▸ Aim of the task: Print nothing except the lines of the listing below from the line with "Anna ŁAZARCZYK 2001" to the line with "Apartman Mibel Zagreb Exteriör bild", each exactly as written, both ends included.

▸ The records:

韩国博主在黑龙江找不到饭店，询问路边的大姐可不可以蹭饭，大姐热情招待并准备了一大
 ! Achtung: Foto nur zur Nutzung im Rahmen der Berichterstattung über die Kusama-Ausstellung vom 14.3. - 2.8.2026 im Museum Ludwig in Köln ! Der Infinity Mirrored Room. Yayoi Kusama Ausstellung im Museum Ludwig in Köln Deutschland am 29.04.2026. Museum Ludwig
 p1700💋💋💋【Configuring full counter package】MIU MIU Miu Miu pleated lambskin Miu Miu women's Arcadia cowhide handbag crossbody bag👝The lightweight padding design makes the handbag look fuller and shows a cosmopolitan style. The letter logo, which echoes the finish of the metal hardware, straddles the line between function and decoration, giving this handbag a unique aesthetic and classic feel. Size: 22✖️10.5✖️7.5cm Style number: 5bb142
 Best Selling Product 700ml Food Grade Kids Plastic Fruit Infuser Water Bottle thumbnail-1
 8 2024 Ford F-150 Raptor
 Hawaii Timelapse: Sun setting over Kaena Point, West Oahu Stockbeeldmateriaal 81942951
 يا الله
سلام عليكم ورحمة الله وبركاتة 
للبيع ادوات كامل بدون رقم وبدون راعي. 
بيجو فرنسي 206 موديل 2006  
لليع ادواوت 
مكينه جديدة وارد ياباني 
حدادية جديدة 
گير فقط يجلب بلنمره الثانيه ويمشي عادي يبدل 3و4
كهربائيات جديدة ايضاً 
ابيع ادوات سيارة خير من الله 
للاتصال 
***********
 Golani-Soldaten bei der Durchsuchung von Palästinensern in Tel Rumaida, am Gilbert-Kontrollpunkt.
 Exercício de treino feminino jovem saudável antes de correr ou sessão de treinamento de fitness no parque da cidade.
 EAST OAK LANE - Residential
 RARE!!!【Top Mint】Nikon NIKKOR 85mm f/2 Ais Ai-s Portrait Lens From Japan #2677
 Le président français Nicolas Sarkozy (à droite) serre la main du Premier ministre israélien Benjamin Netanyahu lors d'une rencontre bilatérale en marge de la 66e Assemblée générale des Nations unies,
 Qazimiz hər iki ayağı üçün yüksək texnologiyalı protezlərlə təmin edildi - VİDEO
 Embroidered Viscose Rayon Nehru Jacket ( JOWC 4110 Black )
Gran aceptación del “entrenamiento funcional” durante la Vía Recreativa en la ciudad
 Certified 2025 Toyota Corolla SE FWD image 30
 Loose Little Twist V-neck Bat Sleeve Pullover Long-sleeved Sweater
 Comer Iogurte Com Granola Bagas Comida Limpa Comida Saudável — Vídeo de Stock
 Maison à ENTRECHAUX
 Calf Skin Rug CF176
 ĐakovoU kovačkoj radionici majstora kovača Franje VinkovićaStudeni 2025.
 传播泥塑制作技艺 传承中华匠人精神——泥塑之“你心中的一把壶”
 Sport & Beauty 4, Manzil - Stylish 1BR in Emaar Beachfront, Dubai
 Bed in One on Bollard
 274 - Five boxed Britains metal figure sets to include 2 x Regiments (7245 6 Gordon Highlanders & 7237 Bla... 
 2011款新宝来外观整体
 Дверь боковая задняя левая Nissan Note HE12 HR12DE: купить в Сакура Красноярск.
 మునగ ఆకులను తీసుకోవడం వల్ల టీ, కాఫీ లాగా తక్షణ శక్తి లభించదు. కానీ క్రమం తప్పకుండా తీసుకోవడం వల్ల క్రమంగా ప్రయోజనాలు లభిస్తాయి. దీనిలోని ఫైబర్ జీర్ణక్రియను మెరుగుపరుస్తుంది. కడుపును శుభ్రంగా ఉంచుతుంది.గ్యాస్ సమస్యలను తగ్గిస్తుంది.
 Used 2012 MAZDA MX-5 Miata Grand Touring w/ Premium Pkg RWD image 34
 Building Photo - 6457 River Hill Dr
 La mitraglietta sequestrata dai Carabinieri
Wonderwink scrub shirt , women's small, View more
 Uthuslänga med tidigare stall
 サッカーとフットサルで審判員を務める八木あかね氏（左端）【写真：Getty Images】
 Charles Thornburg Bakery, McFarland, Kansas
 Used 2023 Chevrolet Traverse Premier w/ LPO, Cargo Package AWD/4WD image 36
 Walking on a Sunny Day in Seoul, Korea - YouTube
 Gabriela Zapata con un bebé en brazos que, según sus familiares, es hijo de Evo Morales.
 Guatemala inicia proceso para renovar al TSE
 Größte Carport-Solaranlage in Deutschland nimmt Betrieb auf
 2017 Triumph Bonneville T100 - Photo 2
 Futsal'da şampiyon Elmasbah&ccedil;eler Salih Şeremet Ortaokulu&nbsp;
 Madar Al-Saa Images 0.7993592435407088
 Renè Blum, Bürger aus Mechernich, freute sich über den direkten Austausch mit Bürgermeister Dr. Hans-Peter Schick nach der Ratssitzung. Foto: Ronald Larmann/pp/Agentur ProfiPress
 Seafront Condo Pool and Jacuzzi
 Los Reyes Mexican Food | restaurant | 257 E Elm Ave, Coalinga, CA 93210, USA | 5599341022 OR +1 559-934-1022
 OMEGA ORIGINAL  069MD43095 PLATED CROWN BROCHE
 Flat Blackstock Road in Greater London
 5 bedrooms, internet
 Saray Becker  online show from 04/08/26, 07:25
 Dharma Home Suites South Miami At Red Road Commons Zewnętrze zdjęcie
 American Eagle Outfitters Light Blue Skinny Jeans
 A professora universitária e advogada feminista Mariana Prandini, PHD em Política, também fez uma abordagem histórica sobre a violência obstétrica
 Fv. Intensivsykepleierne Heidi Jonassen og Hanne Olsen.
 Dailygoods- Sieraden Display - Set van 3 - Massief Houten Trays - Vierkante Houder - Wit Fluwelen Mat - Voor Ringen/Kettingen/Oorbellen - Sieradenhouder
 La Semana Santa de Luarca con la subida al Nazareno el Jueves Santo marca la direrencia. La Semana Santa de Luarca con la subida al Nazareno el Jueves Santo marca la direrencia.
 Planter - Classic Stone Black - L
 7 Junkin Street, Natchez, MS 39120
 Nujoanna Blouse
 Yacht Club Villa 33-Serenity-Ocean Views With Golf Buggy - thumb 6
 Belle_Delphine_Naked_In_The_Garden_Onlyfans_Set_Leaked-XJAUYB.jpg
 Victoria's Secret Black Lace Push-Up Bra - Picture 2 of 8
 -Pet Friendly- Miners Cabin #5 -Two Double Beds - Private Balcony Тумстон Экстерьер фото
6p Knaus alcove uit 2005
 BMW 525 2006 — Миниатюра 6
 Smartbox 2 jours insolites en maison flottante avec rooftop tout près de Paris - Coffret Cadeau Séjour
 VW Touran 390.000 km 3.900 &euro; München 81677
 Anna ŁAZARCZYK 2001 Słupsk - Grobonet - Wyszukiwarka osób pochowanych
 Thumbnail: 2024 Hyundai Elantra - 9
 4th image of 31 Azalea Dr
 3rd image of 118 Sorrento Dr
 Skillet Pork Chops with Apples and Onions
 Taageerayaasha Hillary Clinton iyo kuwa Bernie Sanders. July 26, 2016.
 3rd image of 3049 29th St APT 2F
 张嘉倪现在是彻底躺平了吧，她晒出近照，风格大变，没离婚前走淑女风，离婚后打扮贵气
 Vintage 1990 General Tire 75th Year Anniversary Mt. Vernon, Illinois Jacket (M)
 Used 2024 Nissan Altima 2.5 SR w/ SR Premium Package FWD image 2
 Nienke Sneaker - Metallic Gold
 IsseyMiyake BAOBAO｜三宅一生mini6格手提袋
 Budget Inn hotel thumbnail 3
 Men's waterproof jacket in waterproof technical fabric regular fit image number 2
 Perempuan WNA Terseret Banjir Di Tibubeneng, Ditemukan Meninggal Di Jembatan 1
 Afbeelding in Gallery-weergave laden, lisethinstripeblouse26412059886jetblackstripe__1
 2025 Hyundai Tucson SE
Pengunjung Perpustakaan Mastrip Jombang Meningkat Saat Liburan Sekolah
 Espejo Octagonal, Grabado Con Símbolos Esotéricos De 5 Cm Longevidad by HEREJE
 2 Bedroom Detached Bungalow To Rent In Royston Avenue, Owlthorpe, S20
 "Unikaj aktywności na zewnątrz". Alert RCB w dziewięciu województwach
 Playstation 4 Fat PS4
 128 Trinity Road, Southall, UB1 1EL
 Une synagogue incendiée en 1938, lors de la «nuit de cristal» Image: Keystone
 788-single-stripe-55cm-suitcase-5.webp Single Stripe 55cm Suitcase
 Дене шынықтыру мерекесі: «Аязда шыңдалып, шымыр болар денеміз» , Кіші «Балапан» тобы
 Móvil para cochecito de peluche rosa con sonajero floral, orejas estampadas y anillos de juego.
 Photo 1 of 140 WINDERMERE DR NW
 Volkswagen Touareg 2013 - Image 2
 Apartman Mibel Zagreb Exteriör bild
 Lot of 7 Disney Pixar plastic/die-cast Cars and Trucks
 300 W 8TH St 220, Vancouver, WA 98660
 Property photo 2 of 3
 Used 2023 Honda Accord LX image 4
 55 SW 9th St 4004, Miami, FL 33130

▸ Completed task:
 Anna ŁAZARCZYK 2001 Słupsk - Grobonet - Wyszukiwarka osób pochowanych
 Thumbnail: 2024 Hyundai Elantra - 9
 4th image of 31 Azalea Dr
 3rd image of 118 Sorrento Dr
 Skillet Pork Chops with Apples and Onions
 Taageerayaasha Hillary Clinton iyo kuwa Bernie Sanders. July 26, 2016.
 3rd image of 3049 29th St APT 2F
 张嘉倪现在是彻底躺平了吧，她晒出近照，风格大变，没离婚前走淑女风，离婚后打扮贵气
 Vintage 1990 General Tire 75th Year Anniversary Mt. Vernon, Illinois Jacket (M)
 Used 2024 Nissan Altima 2.5 SR w/ SR Premium Package FWD image 2
 Nienke Sneaker - Metallic Gold
 IsseyMiyake BAOBAO｜三宅一生mini6格手提袋
 Budget Inn hotel thumbnail 3
 Men's waterproof jacket in waterproof technical fabric regular fit image number 2
 Perempuan WNA Terseret Banjir Di Tibubeneng, Ditemukan Meninggal Di Jembatan 1
 Afbeelding in Gallery-weergave laden, lisethinstripeblouse26412059886jetblackstripe__1
 2025 Hyundai Tucson SE
Pengunjung Perpustakaan Mastrip Jombang Meningkat Saat Liburan Sekolah
 Espejo Octagonal, Grabado Con Símbolos Esotéricos De 5 Cm Longevidad by HEREJE
 2 Bedroom Detached Bungalow To Rent In Royston Avenue, Owlthorpe, S20
 "Unikaj aktywności na zewnątrz". Alert RCB w dziewięciu województwach
 Playstation 4 Fat PS4
 128 Trinity Road, Southall, UB1 1EL
 Une synagogue incendiée en 1938, lors de la «nuit de cristal» Image: Keystone
 788-single-stripe-55cm-suitcase-5.webp Single Stripe 55cm Suitcase
 Дене шынықтыру мерекесі: «Аязда шыңдалып, шымыр болар денеміз» , Кіші «Балапан» тобы
 Móvil para cochecito de peluche rosa con sonajero floral, orejas estampadas y anillos de juego.
 Photo 1 of 140 WINDERMERE DR NW
 Volkswagen Touareg 2013 - Image 2
 Apartman Mibel Zagreb Exteriör bild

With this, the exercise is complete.